Lies, Damned Lies and Web Stats

Since it is run by computers, you'd imagine that the internet is a very measurable entity where most things can be calculated and computed. However, the truth is far from this.

Let me explain by using the concept of 'unique users'. If a website has no registration, then a viewer is generally identified in one of two ways. The first is by using a unique address allocated to the user's computer, called the IP address, the second is by using cookies - small files dropped on the user's computer.

So, you then measure everything that this users does. This is fine and works well for one session. However, the IP address can be dynamically allocated by the network the user is on, so will change from session to session. You could also find the same IP being reused by another user. Since this is the norm rather than the exception on both domestic and many corporate networks, the likelihood of identifying the user a second time is very low. Using cookies is somewhat more dependable, but users can frequently flush their cookies, resulting in the unique identifier being lost.

The approximate result is that uniques are almost always heavily overstated by web metrics packages.

Even worse is the accountability over concepts such as page impressions and hits.

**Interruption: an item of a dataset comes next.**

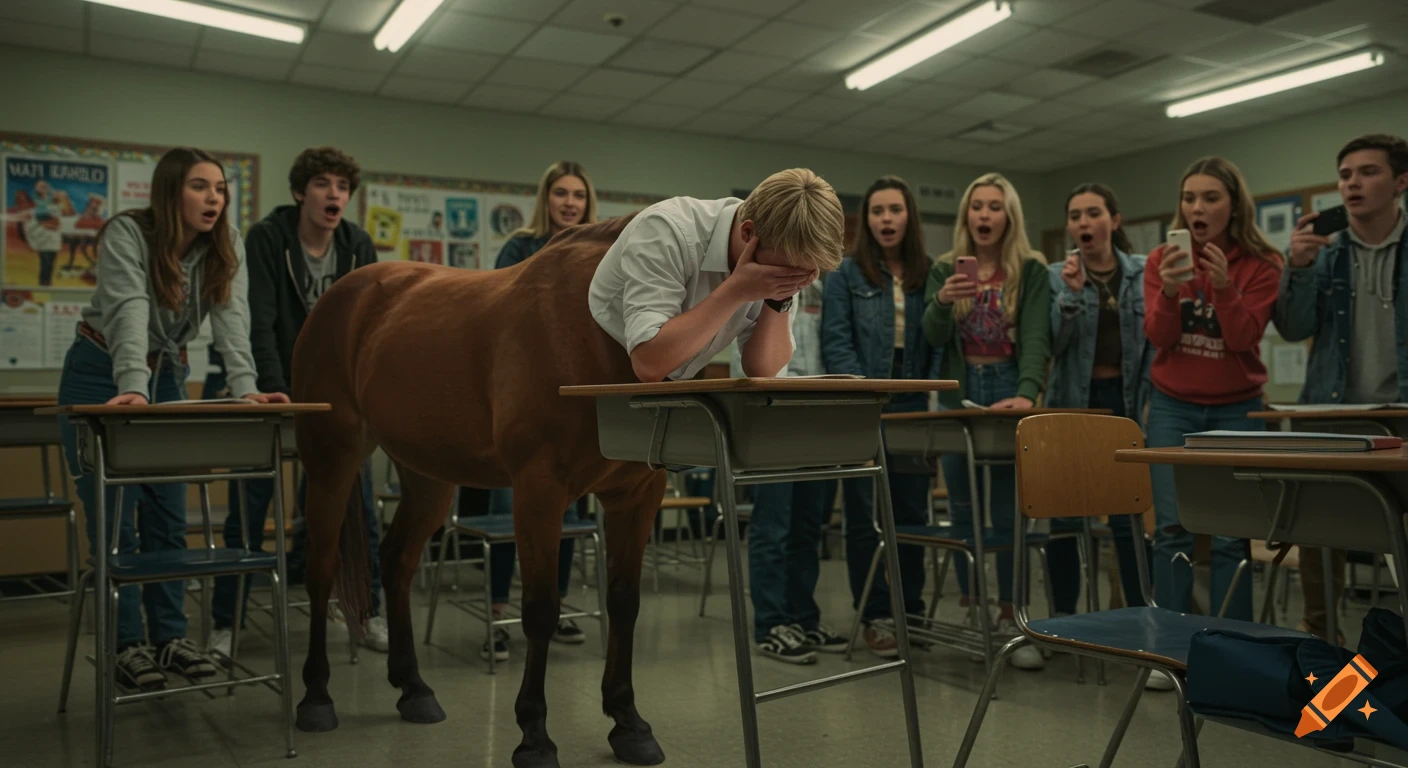 A blond centaur student cowers at his desk in a photorealistic high school classroom while other students gawk and take pictures.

I have tried web reporting packages side by side and found the same metric gets markedly different results. Invariable a package called WebTrends reports the most inflated figures all round. No surprise then that it is the metrics package of choice. After all, anyone running a web service would like to have more, not fewer users, and damn the truth.

The TV industry has become a master at the obfuscation of reality into statistics. In New York, the biggest single tv advertising marketplace in the world, a few thousand people keeping paper diaries represents the tv viewing habits of millions.

Yes, let me run this past you again. A $15.5 billion market is very approximately measured by a tiny sample of people with pen and paper. Take against this the availability of several hundreds of channels, let alone time shifting and pay-per-view services and the margin for error is , as a statistician friend of mine quipped 'close to +/- 100%'.

At Narrowstep we've worked very hard to develop a system that gives our customers detailed real time data on users, and we can indeed report in detail on a great number of parameters, not least of which are the number of viewer sessions, the length of viewing and the number and percentage in length of the ads viewed.

In doing this, it has become apparent to me how low traditional broadcast audiences must be. It is in the interest of the whole industry - advertisers, media buyers, media sellers and the channels themselves, that the figures reported are artificially high.

But this can't last, the major advertisers are realising that much of their budget is wasted and are looking at more accountable media such as - yes, you guessed it - online ads.